Anzumerken ist noch, dass gerade bei älteren Fahrzeugen es häufiger vorkommt, dass geeignete Ersatzfahrzeuge sowohl von Händlern (differenzbesteuert) wie auch von privat (dann ohne jegliche Umsatzsteuer) angeboten werden. In einem solchen Fall kann ohne konkreten Kaufnachweis von einem Händler die Umsatzsteuer eben wie beschrieben abgezogen werden. Handelt es sich aber bei dem beschädigten Fahrzeug um ein derart altes Modell, dass dafür ein gewerblicher Händlermarkt gar nicht mehr besteht, dann ist auch kein Abzug des Differenzsteuersatzes von 2,5 % zulässig.
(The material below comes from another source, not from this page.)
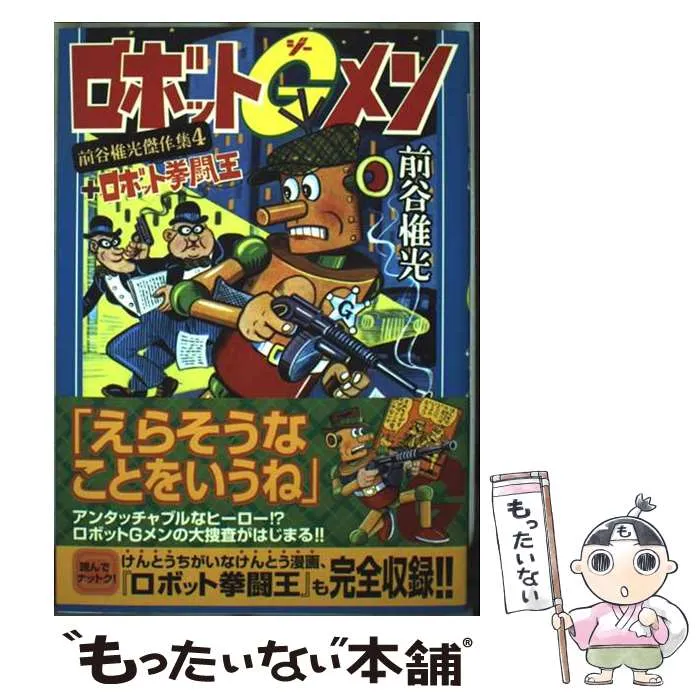 2025年最新】前谷惟光の人気アイテム - メルカリ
So hat der BGH VersR 2005, 994 f. = NJW 2005, 2220 ff. (Urt. v. 01.03.2005 - VI ZR 91/04) entschieden:
Erwirbt der Geschädigte ein Ersatzfahrzeug zu einem Preis, der dem in einem Sachverständigengutachten ausgewiesenen (Brutto-) Wiederbeschaffungswert des unfallbeschädigten Kraftfahrzeuges entspricht oder diesen übersteigt, kann er im Wege konkreter Schadensabrechnung die Kosten der Ersatzbeschaffung bis zur Höhe des (Brutto-) Wiederbeschaffungswertes des unfallbeschädigten Kraftfahrzeuges - unter Abzug des Restwertes - ersetzt verlangen. Auf die Frage, ob und in welcher Höhe in dem im Gutachten ausgewiesenen (Brutto-) Wiederbeschaffungswert Umsatzsteuer enthalten ist, kommt es in diesem Zusammenhang nicht an (Abgrenzung zu den Senatsurteilen vom 20. April 2004 VI ZR 109/03 BGHZ 158, 388 und vom 18. Mai 2004 VI ZR 267/03 VersR 2004, 927).
Weiter geht insofern das OLG Frankfurt am Main DAR 2006, 156 ff. (Urt. v. 25.11.2005 - 24 U 138/05):
Wird ein 7 Jahre altes Fahrzeug, dessen Verkehrswert auf einen Bruchteil des Neuwertes gesunken ist, durch einen Unfall zerstört, so ist davon auszugehen, dass ein gleichwertiges Ersatzfahrzeug im Allgemeinen auf dem privaten Markt gesucht werden wird. Der Wiederbeschaffungswert ist deshalb nicht um einen Umsatzsteueranteil zu vermindern.
Das Gericht hat im konkret entschiedenen Fall, in dem der Geschädigte keinen Ersatzkauf nachgewiesen hatte, auch bei abstrakter Abrechnung keinen Differenzbesteuerungsabzug für zulässig gehalten.